Menurut analisis kami, meskipun ada kemajuan kebijakan, Eropa belum mencapai momen ekonomi global dari euro yang digadang-gadang. Negara anggota serta institusi seperti ECB mendorong reformasi untuk memperkuat likuiditas serta peran euro di panggung internasional. Namun Brzeski menekankan hambatan struktural berupa pasar modal yang terfragmentasi dan tabungan rumah tangga yang besar tetapi belum sepenuhnya dimanfaatkan. Akibatnya, potensi euro sebagai mata uang internasional belum sepenuhnya terealisasi.
Tahun lalu, Lagarde menyatakan bahwa keadaan dunia yang terfragmentasi bisa memberi Eropa peluang untuk meningkatkan pengaruh. Namun setelah 12 bulan, gambaran operasionalnya tidak sejalan dengan harapan; citra kebijakan belum cukup mengubah dinamika global. Analisis ini menekankan bahwa persepsi pasar dan tindakan kebijakan perlu sinkron agar dampak nyata bisa tercipta.

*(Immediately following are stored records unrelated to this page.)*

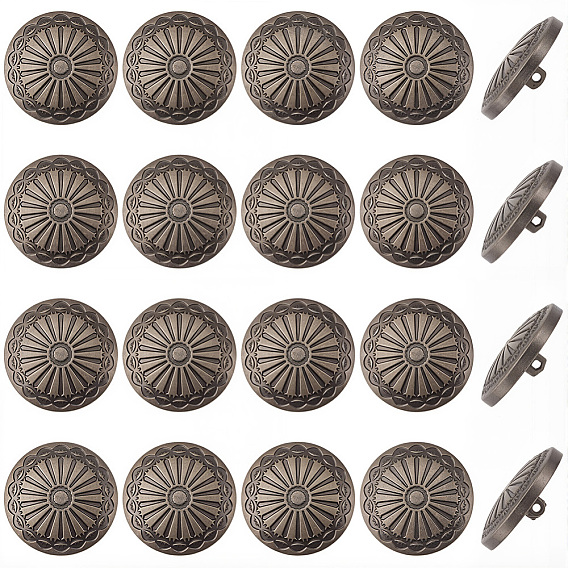 20 шт. 1 пуговицы с хвостовиком из сплава с отверстиями, плоско-круглые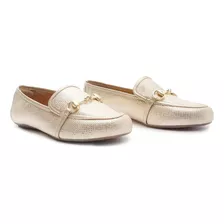 Sapato Mocassim Anacapri Feminino Dourado Original Rasteiro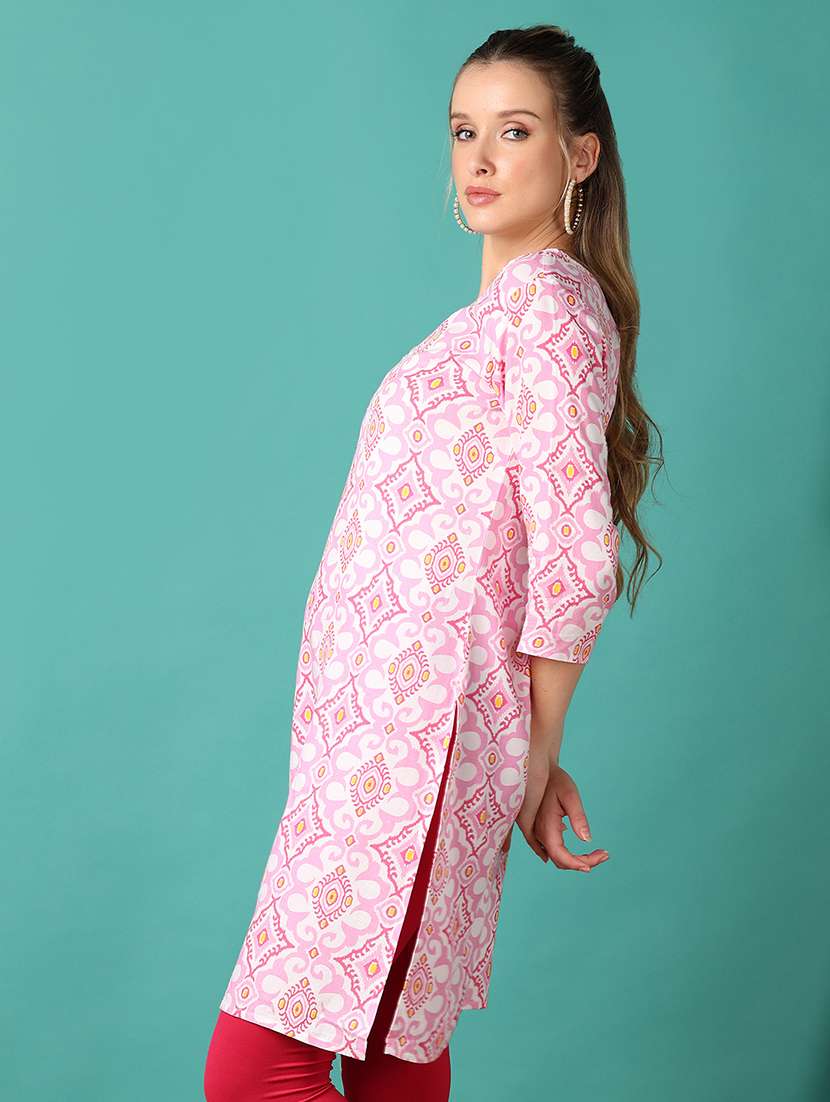 women three quarter sleeve straight kurta - 21498595 -  Standard Image - 1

Meski demikian, ada kemajuan nyata pada 2025. Perkembangan seperti Savings and Investment Union diluncurkan pada Maret 2025, reformasi sekuritisasi, paket integrasi pasar dan pengawasan, serta pembaruan aturan layanan pembayaran telah menambah infrastruktur pasar. Investasi EIB untuk pertahanan meningkat tiga kali lipat, dan belanja pertahanan UE naik 36 persen sejak 2022. Selain itu, korespondensi dari enam ekonomi terbesar UE menuntut kesepakatan pasar modal yang disepakati menjelang musim panas.
Kebijakan yang disebutkan menandai arah reformasi melalui peluncuran Savings and Investment Union, aturan sekuritisasi yang lebih luas, paket integrasi pasar dan pengawasan, serta peningkatan layanan pembayaran. Kebijakan ini dimaksudkan untuk memanfaatkan tabungan rumah tangga dan meningkatkan efisiensi pasar modal. Beberapa langkah ini juga menekankan perlunya kerangka peraturan yang lebih seragam di seluruh blok.

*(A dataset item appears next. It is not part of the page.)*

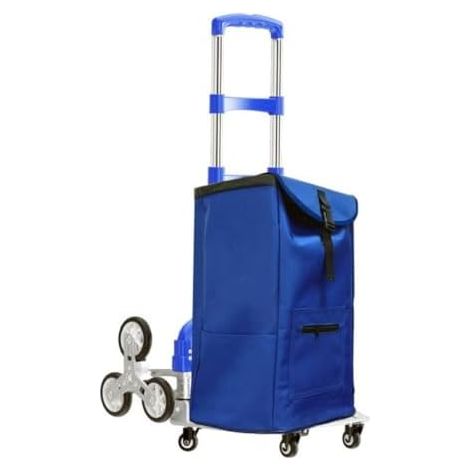 Sac de courses pour chariot d'escalier, capacité de 42 l, doublé avec doublure isolante, en tissu Oxford 600D robuste, pliable et léger, idéal pour le shopping, le camping et le linge (bleu) (1/5)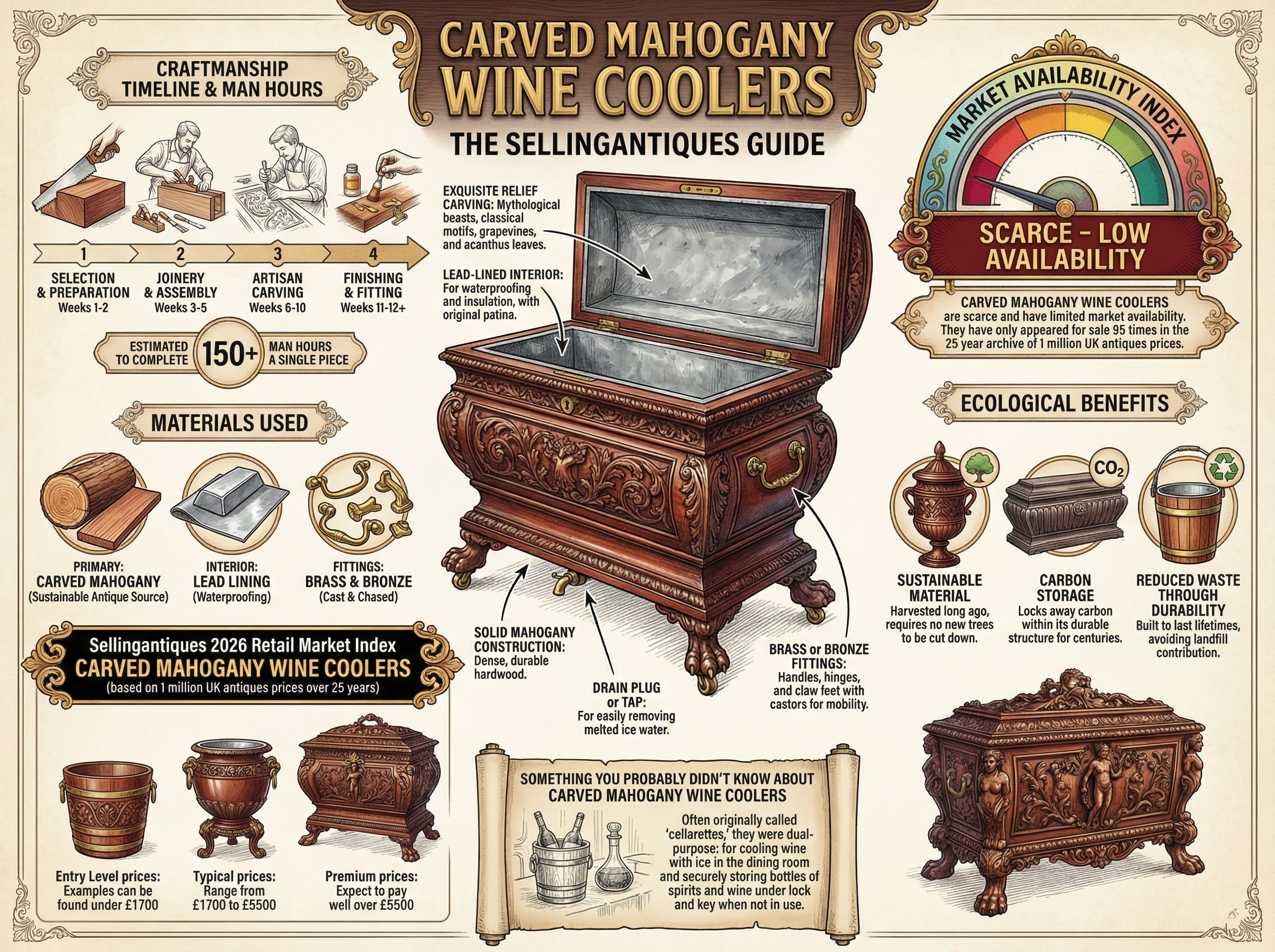 Carved Mahogany Wine Coolers Guide Infographic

Namun tantangan utama tetap ada. Pasar modal yang terfragmentasi dan tingginya tabungan rumah tangga yang belum sepenuhnya dimanfaatkan masih membatasi peran euro secara internasional. Brzeski menekankan bahwa struktural saving dan fragmentasi pasar masih mengarahkan potensi ke arah yang belum optimal. Oleh karena itu momentum kebijakan perlu diubah menjadi aksi nyata melalui implementasi yang konsisten.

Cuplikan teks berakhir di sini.